Leslie Moffat Ward could travel as far as he liked to find fresh subjects but the farther he went, so far as I am concerned, the less he often gained by going there. In fact, unless he kept to the Isle of Purbeck, he almost always fell short of what he did best. There were exceptions but, even so, the Cotswolds or the Sussex Downs, can be quite a lot like Dorset in their massiveness. So, this post will not provide anything comprehensive but will take a look at what I like best about him. That said, turning up his best work hasn't been straightforward. His quaint and telling night-scenes seem to unavailable anywhere online. It is beyond me.
He moved to Bournemouth as a child and spent his adult life working as a teacher at the school of art right from its opening in 1913 until his retirement in 1955. Some of the time Thomas Todd Blaylock was headmaster and following his own early retirement after the war, turned out some outlandishly colourful colour woodcuts. Ward was more restrained and more distinctive. He also worked well within the British landscape tradition and I find it difficult to understand why his work remains such a minority or even local enthusiasm, especially when his irresistible etching A mile to Worth Matravers (1932) can be seen illustrated in Kenneth Guichard's well-known British Etchers 1850 - 1940. But there you are. Stuff happens.

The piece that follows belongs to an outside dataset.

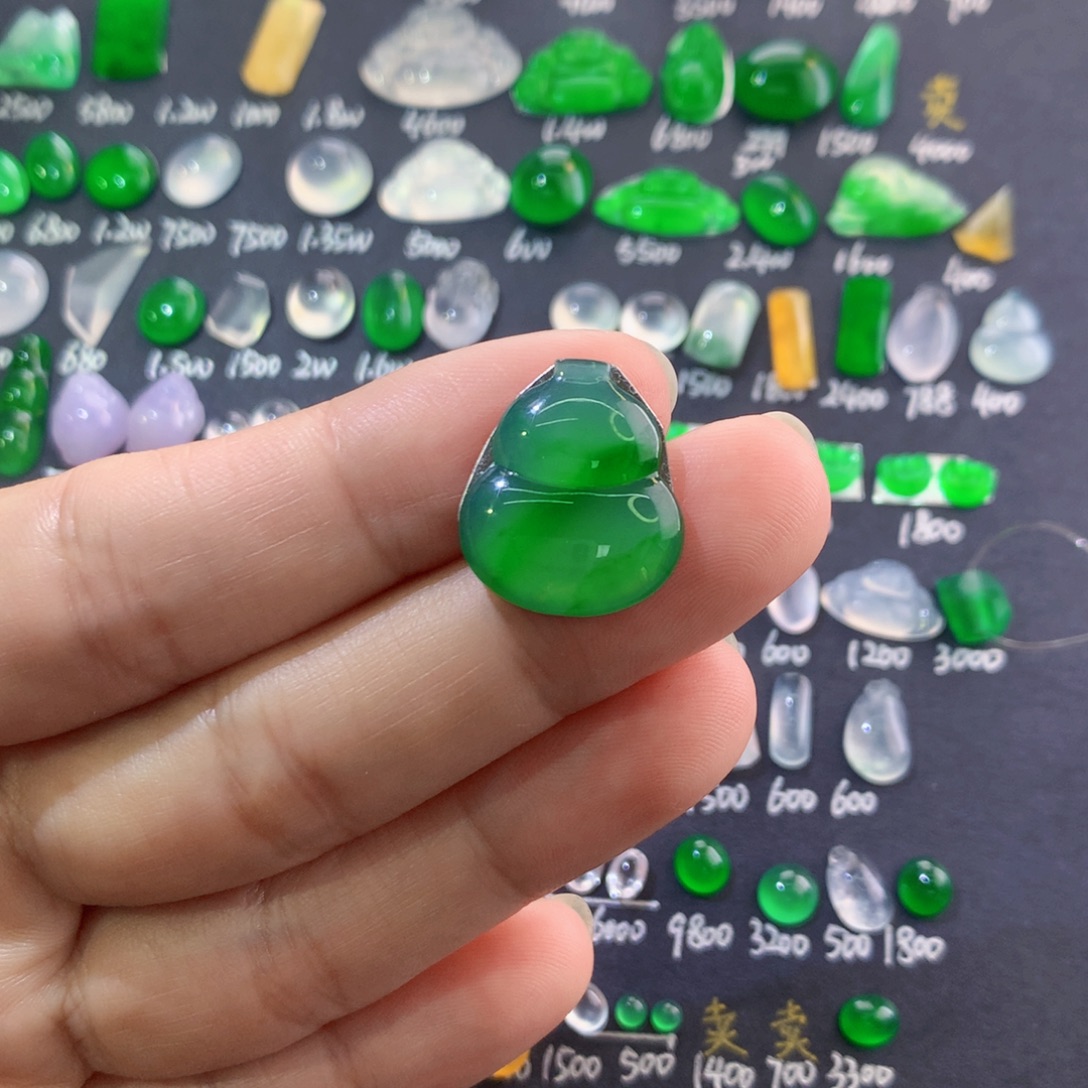 翡翠未镶嵌颈饰葫芦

In common with Samuel Palmer, the naïve vision tends to make people assume the work itself may be lacking in sophistication. But as with Palmer, the effect of the art was achieved by a rigorously original approach to technique and respect for the work of other artists. I can see those two cows in the foreground of Near Bradle, Dorset (1951) in Salomon van Ruysdael, ingenious but nevertheless well-observed moo-cows. Ward goes in for pattern-making, too, but never overdoes it, and no one could ever call him decorative; he selects with care, his crooked road in A mile to Worth Matravers is what helps make the print and it is exaggerated but light, shade and the effects of weather all soften the effect.
The Isle of Purbeck for readers out of the UK lies south-west of Bournemouth and is partly surrounded by the English Channel and the large inlet of Poole Harbour. It isn't somewhere I know but Dorset is one of the most distinctive counties in Britain and Ward obviously responded to the place in a way he did to nowhere else. So, there is no point anyone saying (as they have tried to do quite recently) that Ward had some kind of breadth just because he depicted the Pool of London, say, or the Lake District or Ronda. Making big claims for your own enthusiasms doesn't actually help the artist much and I don't want readers to miss the point of Ward. In terms of style (especially given those art deco sycamores) it is hard to believe there could be twenty years between the first two prints ion the post but there are subtle differences between them. The second is a work of maturity made when the artist was sixty-three and was deploying a range of skills and displaying a depth of vision that wasn't there before. There is an academic tinge there, too, but hardly a surprise given his background as a teacher. But he had the job because he had the skills. For instance, he was well-able to simplify form in the way he did in The condemned dwelling. It gives the print the naïve impact it has. But in the later work, to use the wonderful phrase by the French artist, Paul Serusier, he was searching out the greys; there are no extremes of shadow and dazzling light of the kind you can see in The long man of the Downs (above). He has a terrific sense of tone, so delicate and discriminating he can approach an etching like a watercolour. Beyond that, the perspective is beautifully rendered. Like a Chinese brush drawing, it reads upwards but also makes use of recession in the Western manner, (both more obvious in The long man of the downs).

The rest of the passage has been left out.